Ingredients:
- 2 (6 oz / 170g each) cod fillets, skin on or off, about 1 inch thick
- 2 tablespoons / 30ml olive oil
- 2 teaspoons / 10g Cajun or Blackening spice blend (such as Tony Chachere's Original Creole Seasoning)
- 1/2 teaspoon / 2.5g smoked paprika
- 1/4 teaspoon / 1.25g garlic powder
- 1/4 teaspoon / 1.25g onion powder
- 1/4 teaspoon / 1.25g dried thyme
- 1/4 teaspoon / 1.25g dried oregano
- Salt and freshly ground black pepper to taste
- 1 pound / 450g asparagus, trimmed
- 2 tablespoons / 30ml olive oil
- 2 cloves garlic, minced
- 1 lemon, halved
- Salt and freshly ground black pepper to taste
Instructions:
- Toss asparagus with olive oil, minced garlic, salt, and pepper in the skillet. Arrange in a single layer.

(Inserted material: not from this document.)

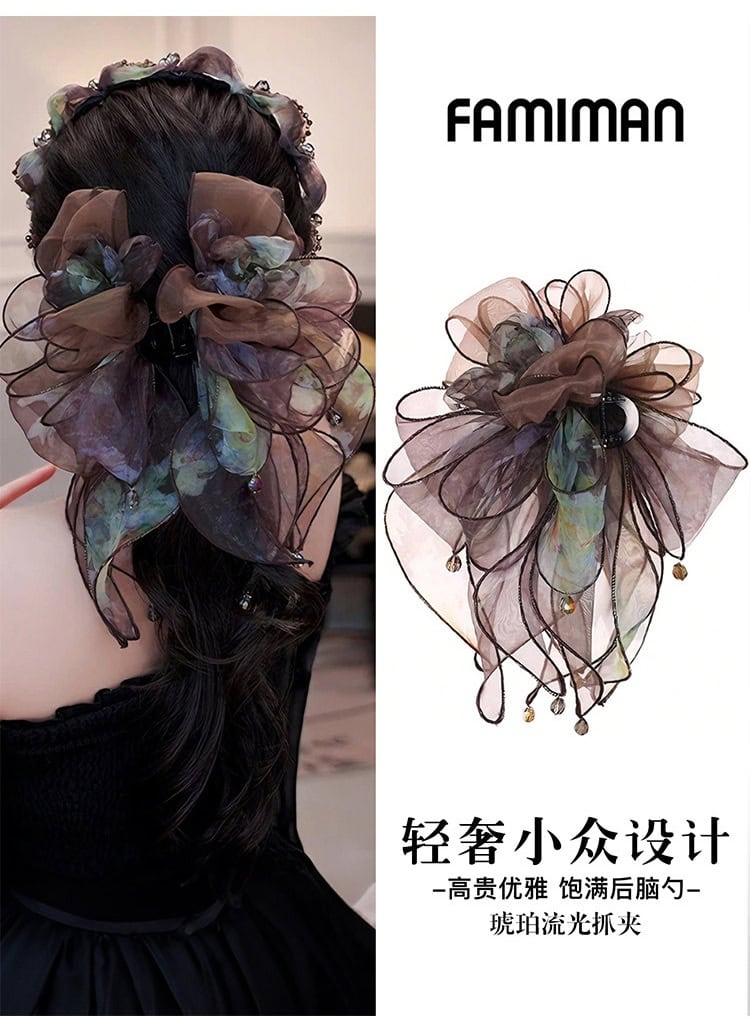 復古歐根紗花朵髮夾網紗裙擺飄帶髮飾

- In a small bowl, combine the Cajun spice blend, smoked paprika, garlic powder, onion powder, thyme, oregano, salt, and pepper.
- Pat the cod fillets dry with paper towels. Drizzle with olive oil and rub the spice mixture evenly over both sides of each fillet.

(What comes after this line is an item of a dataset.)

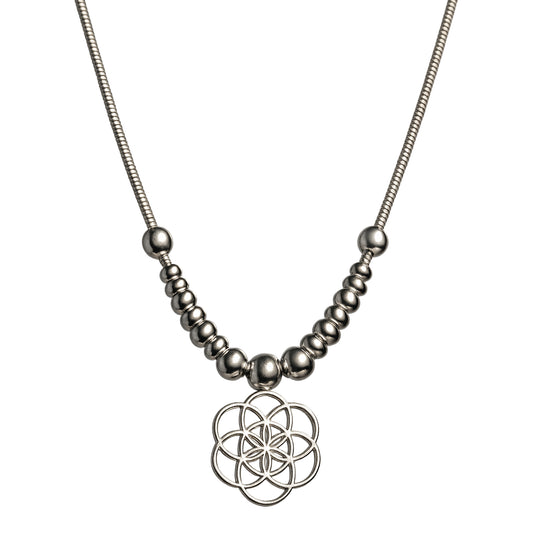 925 Sterling Silver Geometric Floral Pendant Necklace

- Place the skillet in a preheated oven and roast for 8 minutes.
- Remove the skillet from the oven. Nestle the seasoned cod fillets among the asparagus, ensuring they have space. Place lemon halves cut-side up on top of the asparagus.
- Return the skillet to the oven and roast for another 8-12 minutes, or until the cod is cooked through and flakes easily with a fork and the asparagus is tender-crisp. Internal temperature of the cod should reach 145°F (63°C).
- Squeeze the roasted lemon juice over the cod and asparagus. Serve immediately.